On gun rights, Coburn succeeded in attaching an amendment to the credit card reform bill in 2009 to permit the carrying of concealed weapons onto national parks if in accordance with the state’s gun laws and he also had a consistent pro-life record. In 2013, he had a recurrence of prostate cancer, and opted to retire early at the end of the Congressional session. Coburn delivered an emotional farewell speech in which he emphasized the role of individual senators for the national good:
“Your state isn’t mentioned one time in that oath. Your whole goal is to protect the United States of America, its Constitution and its liberties. It’s not to provide benefits for your state. That’s where we differ — that’s where my conflict with my colleagues has come. It’s nice to be able to do things for your state, but that isn’t our charge. Our charge is to protect the future of our country by upholding the Constitution. The magic number in the Senate is not 60,” he added. “And it’s not 51 — a majority. The most important number in the Senate is one. One senator. That’s how it was set up. That’s how our founders designed it. And with that comes tremendous amounts of responsibility, because the Senate has a set of rules — or at least did — that gives each individual member the power to advance change or stop legislation” (O’Keefe, 2014).

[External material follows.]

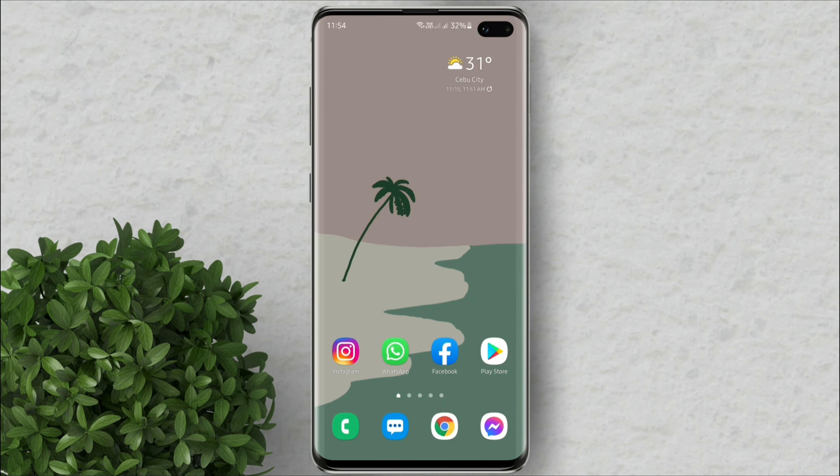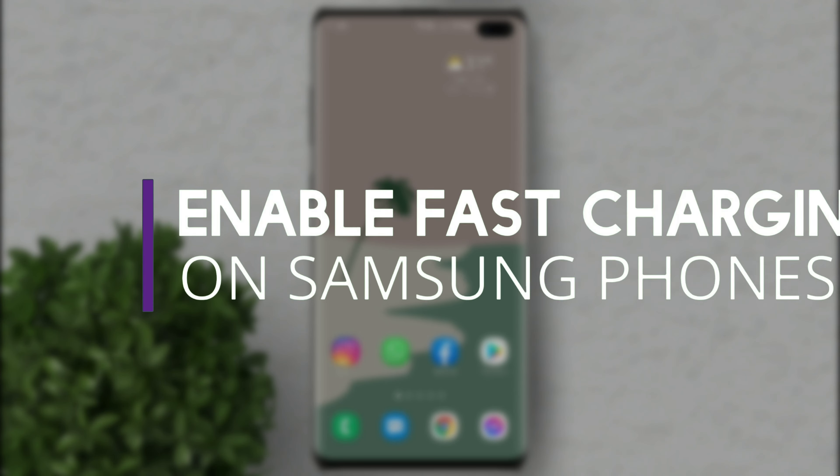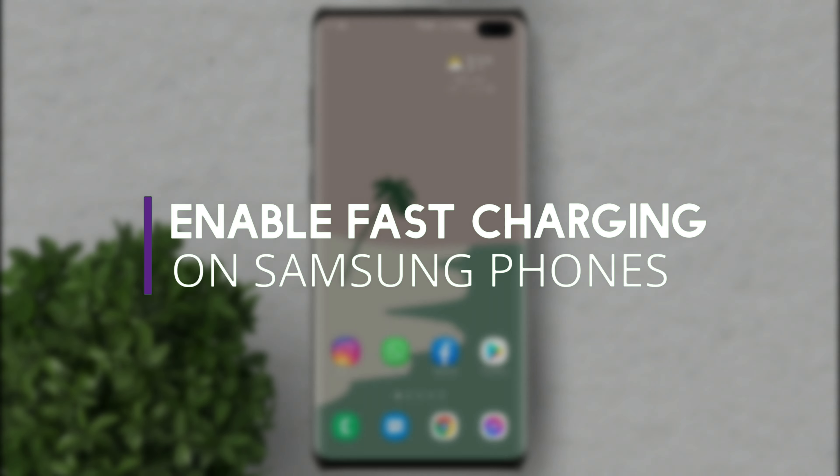Welcome to Filmoments Tutorials. In this video I will show you how to enable fast charging on a Samsung device.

Coburn ended his career defying the fears of his critics and, I might add, scored an impressive 98% on the MC-Index. After the 2016 election, he had a somewhat mixed view on President Trump. While he stated that he had a “personality disorder” he also credited Trump with keeping campaign promises and praised the administration’s focus against excessive regulations.
Coburn leaves behind a legacy of courage in his promotion of gun rights, countering AIDS, fighting for a sustainable fiscal future, exposing and fighting wasteful spending and government corruption, and improving transparency in how the government uses taxpayer funds. I salute him for his courage and accomplishments, and may we have more in Congress like Tom Coburn.
Hart, J. (2020, April 7). Tom Coburn: A Beacon in Dark Times. RealClearPolitics.
O’Keefe, E. (2014, December 11). Coburn gives tearful, remorseful farewell to the Senate. The Washington Post.